TV Jones is an American guitar pickup manufacturer founded in 1993 by luthier Thomas V. Jones in Whittier, California. Now based in Poulsbo, Washington, the company is best known for creating vintage-style Filter'Tron pickups, using materials and a manufacturing process similar to what was used in the late 1950s and 1960s by Ray Butts and Gretsch.

==History==
Prior to the focus on guitar pickups, TV Jones was mainly in the business of guitar repairs and custom guitar-making. In the early 1990s, his interest turned to electronics and Jones began to examine pickups and the magnets used in various vintage models. Around this time, he was asked to repair a number of guitars for Stray Cats guitarist Brian Setzer, whose guitar sound relied heavily on vintage Gretsch models. When Gretsch was in the process of creating his new signature model, Setzer conducted a "blind" sound test of various pickup models that were to be considered for use in these guitars. Jones' "Hotrod" pickup design was chosen because of its sound being the most faithful to the original Filter'Tron.
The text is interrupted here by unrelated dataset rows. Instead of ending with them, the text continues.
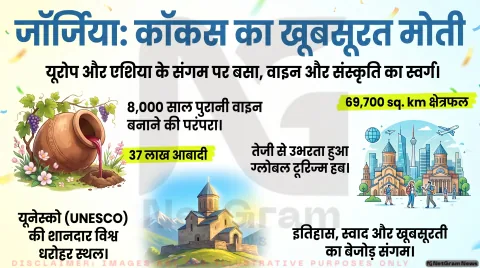 Explore Georgia: त्बिलिसी से लेकर बाटुमी तक... यूरोप और एशिया के संगम पर बसे देश जॉर्जिया की पढ़ें पूरी प्रोफाइल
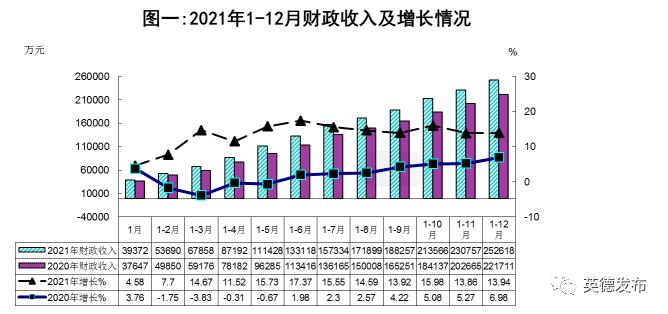 英德收入（英德人均收入多少）-图2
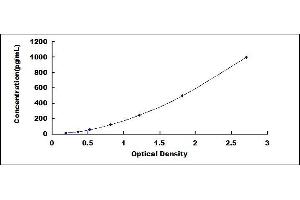 Typical standard curve (HIF1A ELISA Kit)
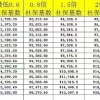 落户上海常见四种居转户方式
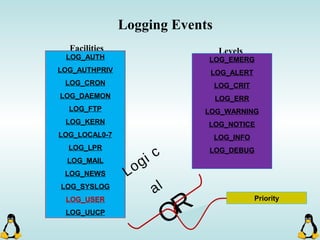 Logging Events
Facilities Levels
LOG_AUTH
LOG_AUTHPRIV
LOG_CRON
LOG_DAEMON
LOG_FTP
LOG_KERN
LOG_LOCAL0-7
LOG_LPR
LOG_MAIL
LOG_NEWS
LOG_SYSLOG
LOG_USER
LOG_UUCP
LOG_EMERG
LOG_ALERT
LOG_CRIT
LOG_ERR
LOG_WARNING
LOG_NOTICE
LOG_INFO
LOG_DEBUG
Logi c
al
OR
Priority
 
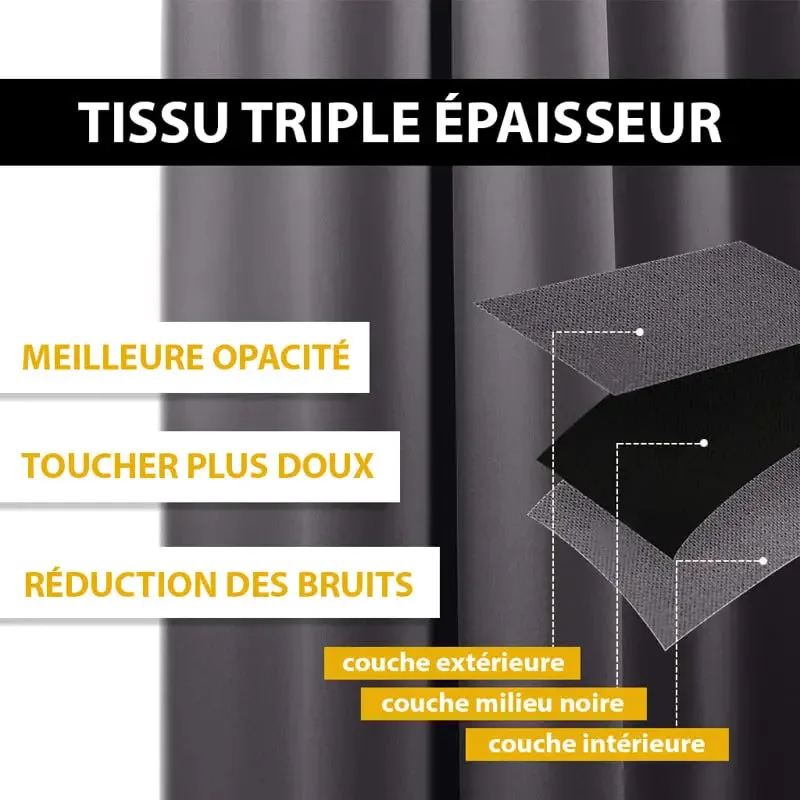 Rideau Intimity Turquoise : Isolation Thermique Et Phonique Optimale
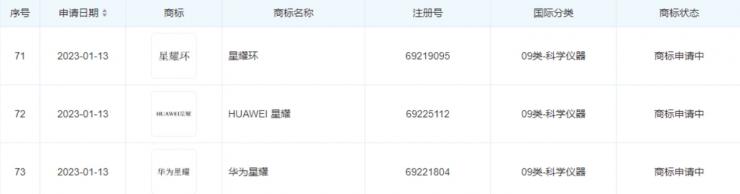 華為申請“星耀”系列商標(biāo)，包含手機(jī)手環(huán)等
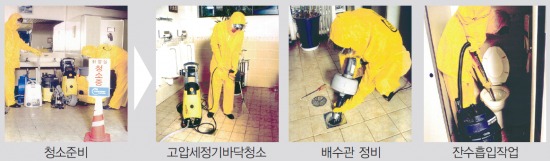 분당 화장실 청소 업체 관련 이미지 2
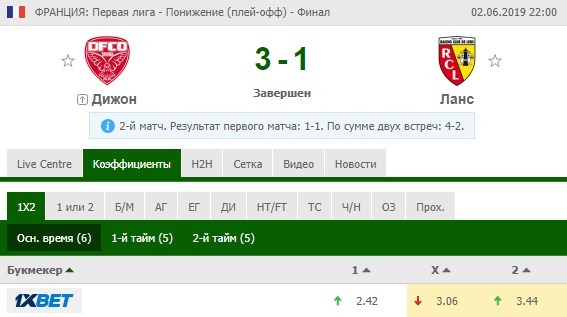 Гандикап что это в ставках в хоккее. dizhon lans. Гандикап что это в ставках в хоккее фото. Гандикап что это в ставках в хоккее-dizhon lans. картинка Гандикап что это в ставках в хоккее. картинка dizhon lans. В беттинге гандикапом называют преимущество одного из коллективов в численном выражении. Оно отображает, с какой разницей фаворит одержит победу. Гандикап в ставках бывает с плюсом и минусом. Если у него положительное значение, то команда не должна уступить с указанной разницей. Если отрицательное, должна выиграть минимум с указанной разницей.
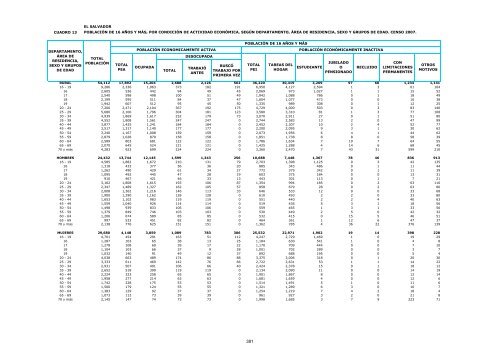 vivienda - Censos Nacionales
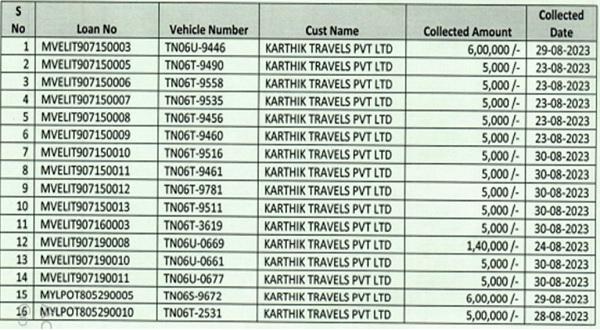 details placed at page 6 to 8 of the Rejoinder, which is reproduced as under
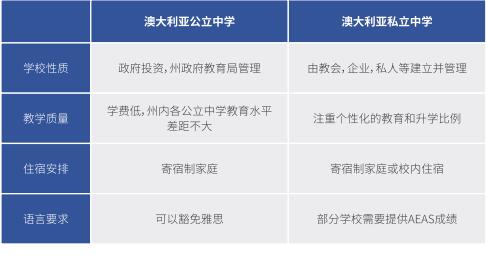 北京外国语大学国际高中澳洲高中课程招生简章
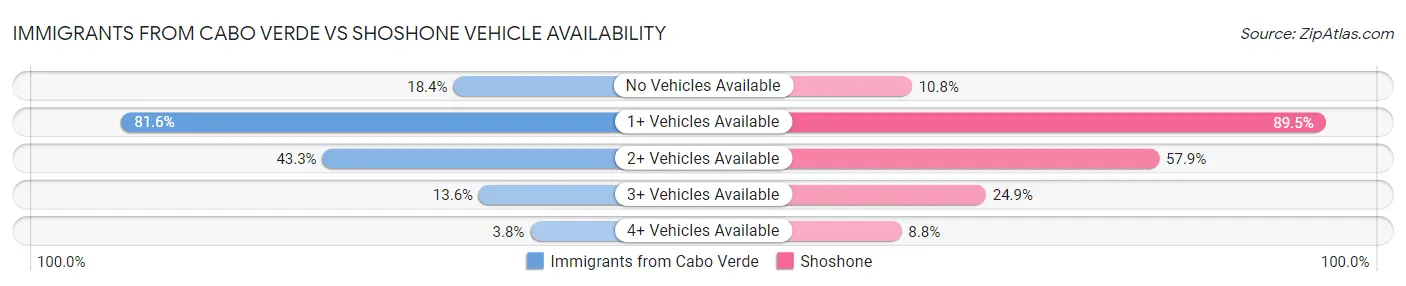 Immigrants from Cabo Verde vs Shoshone Vehicle Availability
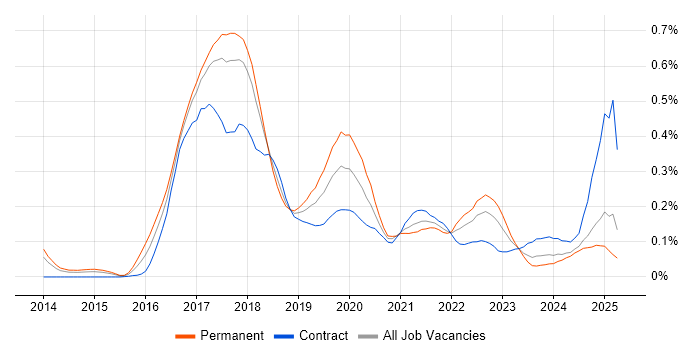 Job vacancy trend for Kibana in the North West Job vacancy trend for Kibana in the North West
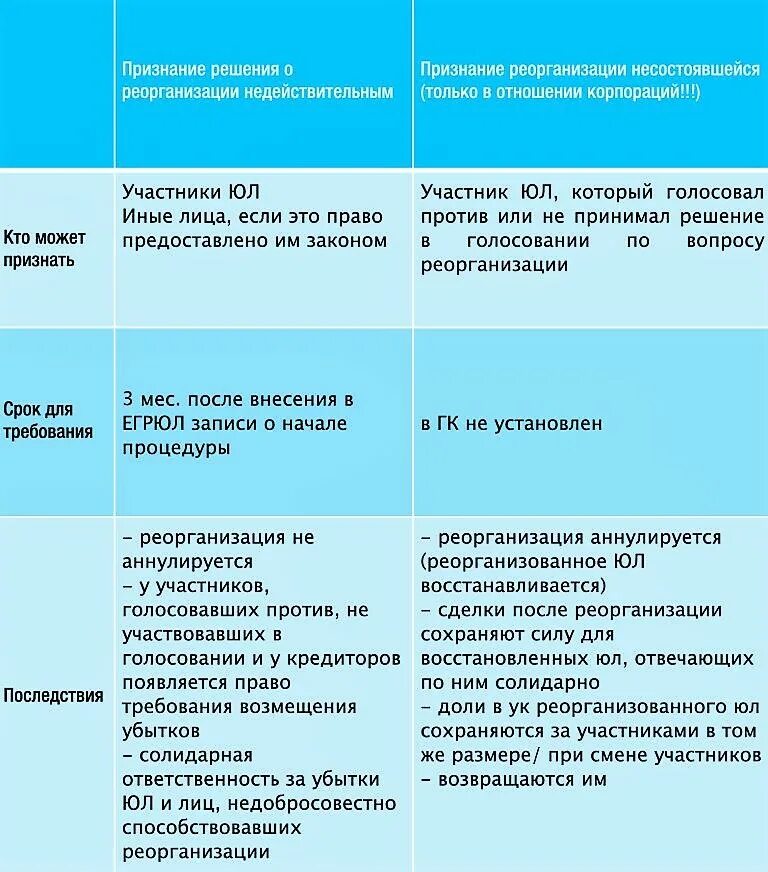 Последствия ничтожного решения. Недействительность решения собрания. Правовые последствия признания реорганизации к несостоявшейся. Последствия реорганизации юридического лица. Процессуальные последствия мирового соглашения.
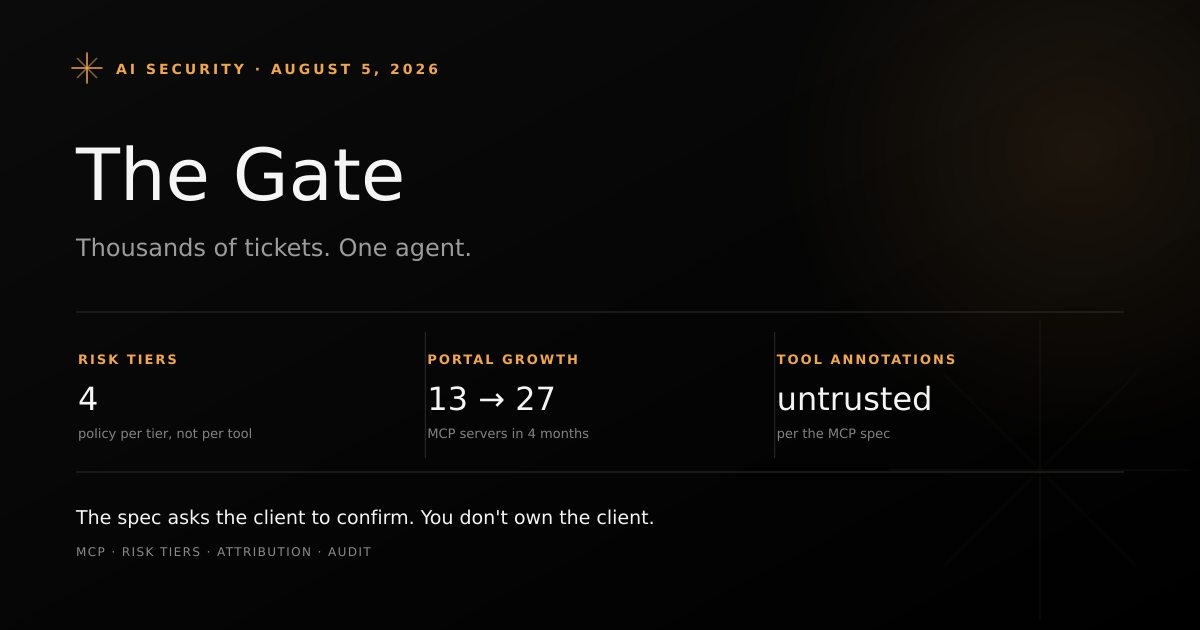 Cover card titled The Gate, subtitled Thousands of tickets. One agent., with three statistics: 4 risk tiers, Cloudflare's MCP portal growing 13 to 27 servers, and tool annotations marked untrusted per the MCP spec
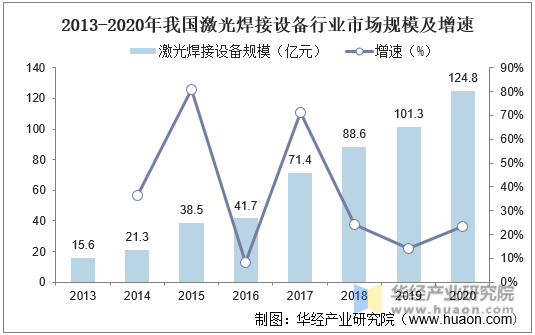 2013-2020年我国激光焊接设备行业市场规模及增速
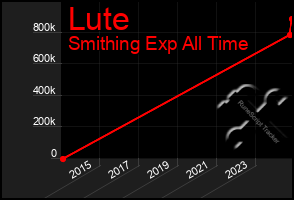 Total Graph of Lute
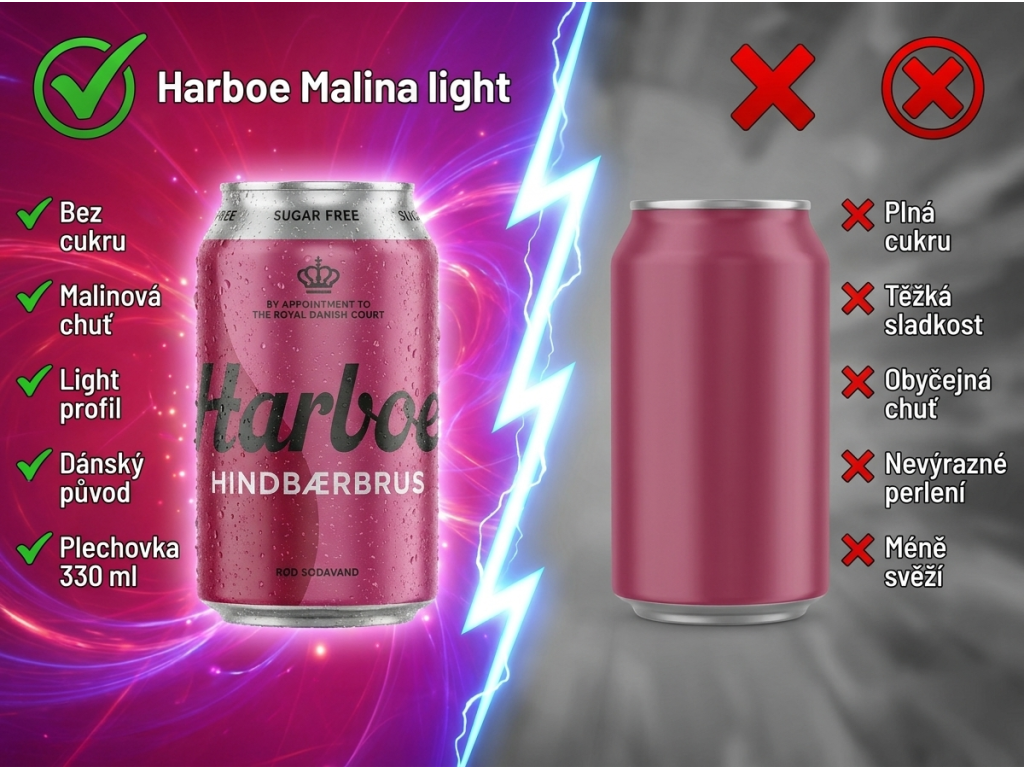 Srovnání Harboe malinové limonády s běžnou limonádou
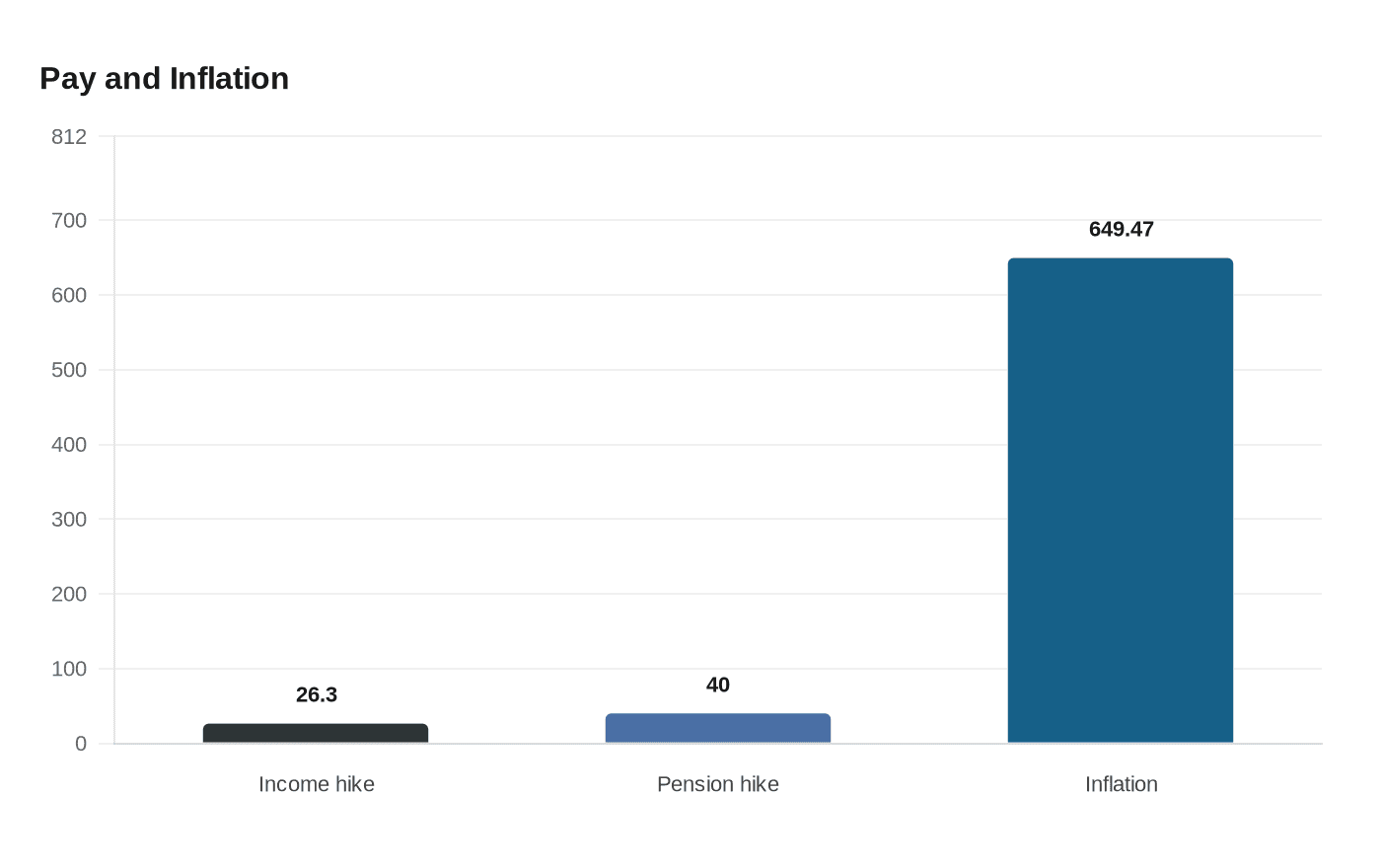 Pay and Inflation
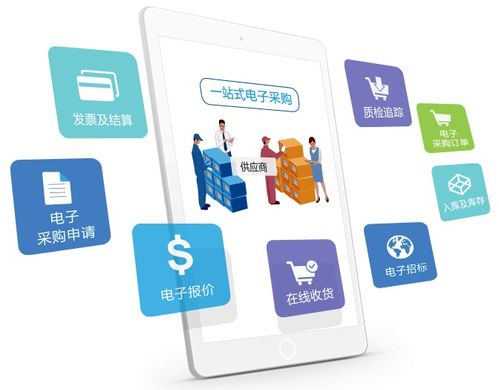 線上采購成主流 非接觸采購如何借力基礎軟件服務，助推企業突破疫情困局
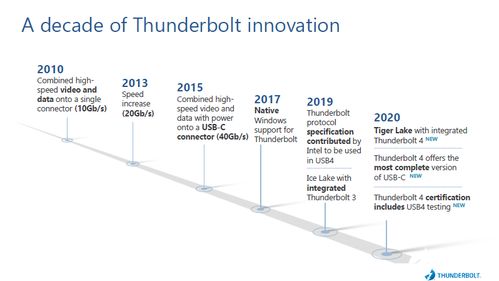 英特爾推出Thunderbolt 4 領(lǐng)先連接標準，助力設備高效互聯(lián)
TV Jones' pickups subsequently became popular among many guitarists, particularly Gretsch aficionados, as word spread that TV Jones was making vintage-spec Filter'Tron pickups, most notably their TV Classics model. The company expanded its product line with further 'Tron-branded pickups, like the Magna'Tron, Power'Tron, Super'Tron, and Thunder'Tron models.

==Guitar models==
In 2008, TV Jones released the Spectra Sonic Supreme guitar—an upgrade to the Spectra Sonic manufactured and distributed by Gretsch until 2005—and the smaller, lighter, solid-body Model 10. Both were designed by TV Jones and manufactured in Japan at the factory where most professional line Gretsch guitars are made.